Farhoud Meybodi

Farhoud Meybodi is an award-winning writer, director, and executive producer focused on storytelling projects that inspire social change. Over the past decade, he has collaborated on a variety of television and digital projects that have been seen over two billion times, raised millions of dollars for terminal illness research, and even helped overturn an unjust Presidential Executive Order. At his core, Farhoud believes in the power of mainstream storytelling to entertain and help heal the political-social divide of the present day.

3 words to describe Nature?

Hallowed. Life-giver. Muse.

3 things Nature taught you?




3 most treasured Nature spots?

Hot Springs, Arkansas

Astara, Iran

Delphi, Greece

When you look at the ocean, it makes you feel…?

A sense of deep reverence and gratitude

When you see a forest, it makes you feel…?

Like I’m in divinity’s sacred cathedral

When you see a volcano, it makes you feel…?

Humbled yet resilient, like Frodo taking in the awesomeness and fiery peril of Mount Doom after a long long journey through darkness.

When you see a sunrise or sunset, it makes you feel…?


When you hear thunder, it makes you feel…?


When you hear the wind howling, it makes you feel…?

Like I’m hearing the whispers of my ancestors

Are you an Ocean, Mountain, Forest, or Desert person?

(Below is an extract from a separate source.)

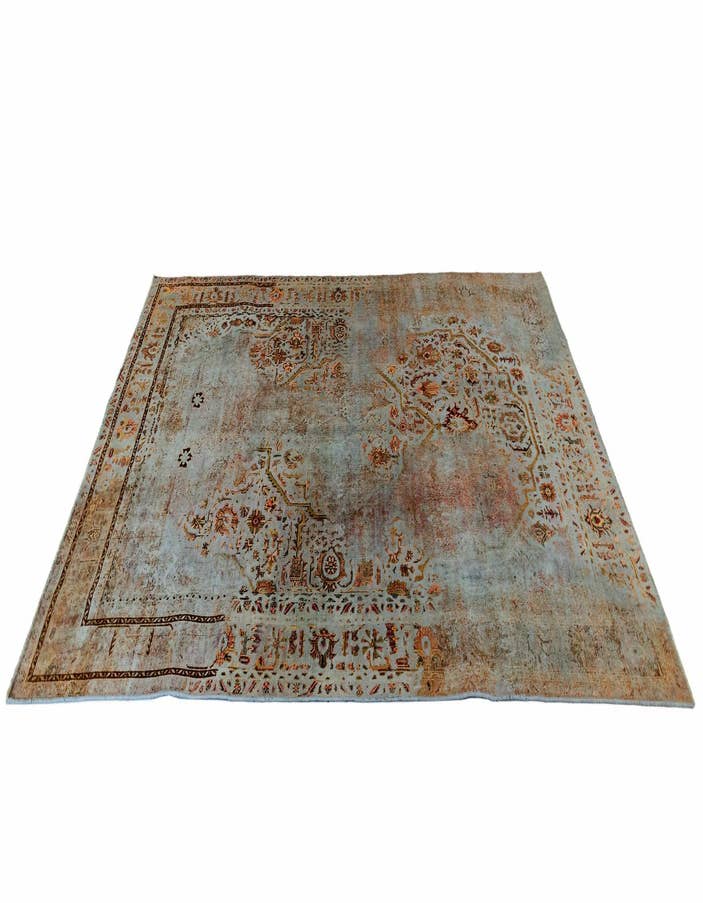 Detail image of 6' 5 x 9' 8 Vintage Royal Wool Rug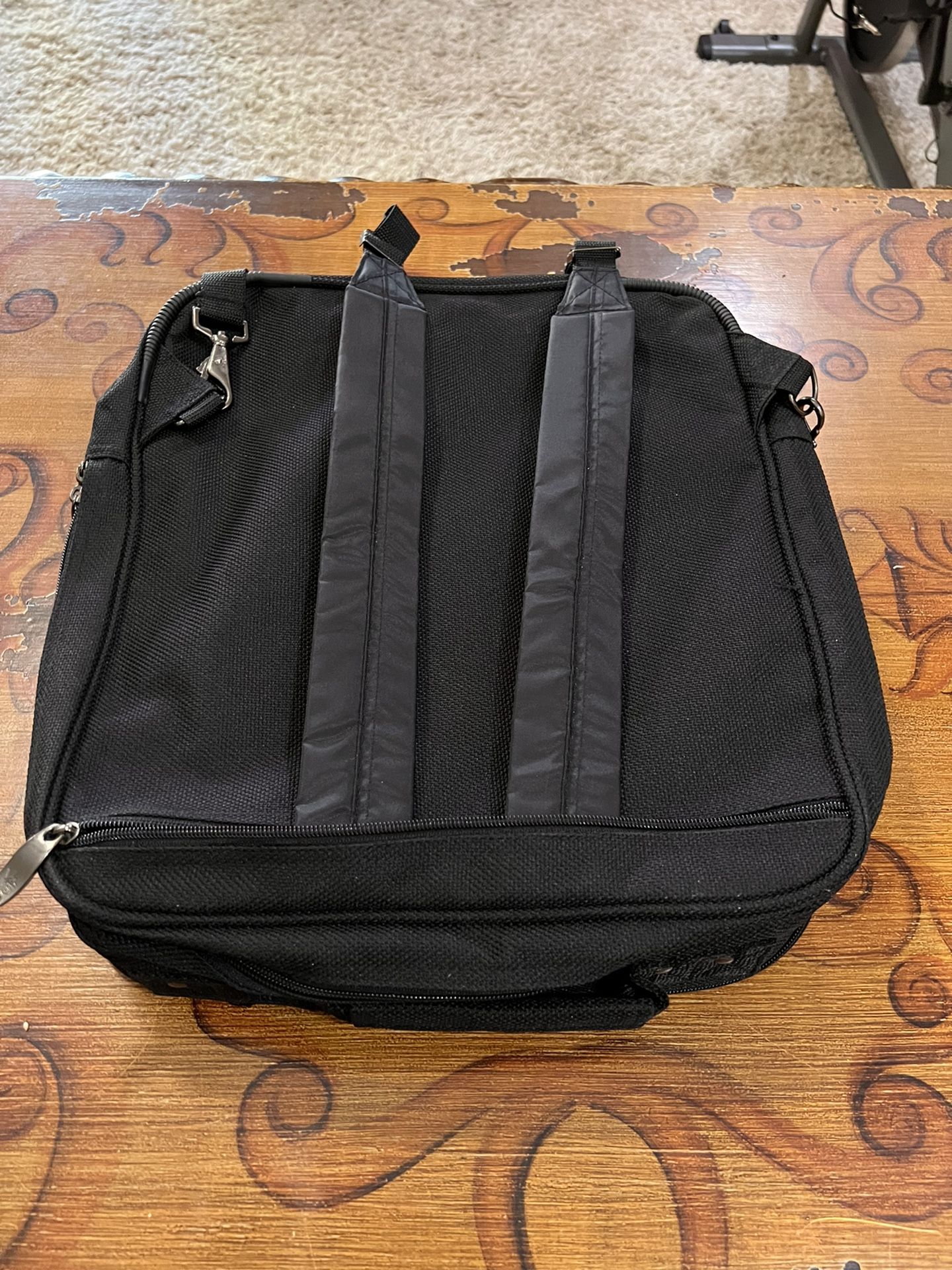 Laptop bag/Backpack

On a scale of 1 to 10, how important is Nature to your well-being?

10 - My happiness, balance, well-being, and sense of self are deeply and intrinsically connected with Mother nature. She is EVERYTHING.

Share with us a childhood nature memory?

When I was a little kid, maybe five or six years old, my parents would take us to Yosemite, CA every year for an epic camping trip with friends and extended family. Over the course of a week, twenty of us would swim in Yosemite Falls, hike the Muir Trail to Half Dome, and roast marshmallows around the campfire, telling ghost stories while taking the grandeur of the seemingly limitless starry night. These trips are some of the most magical memories of my youth, and we didn’t have mobile phones, personal computers or WIFI to get in the way of the experience.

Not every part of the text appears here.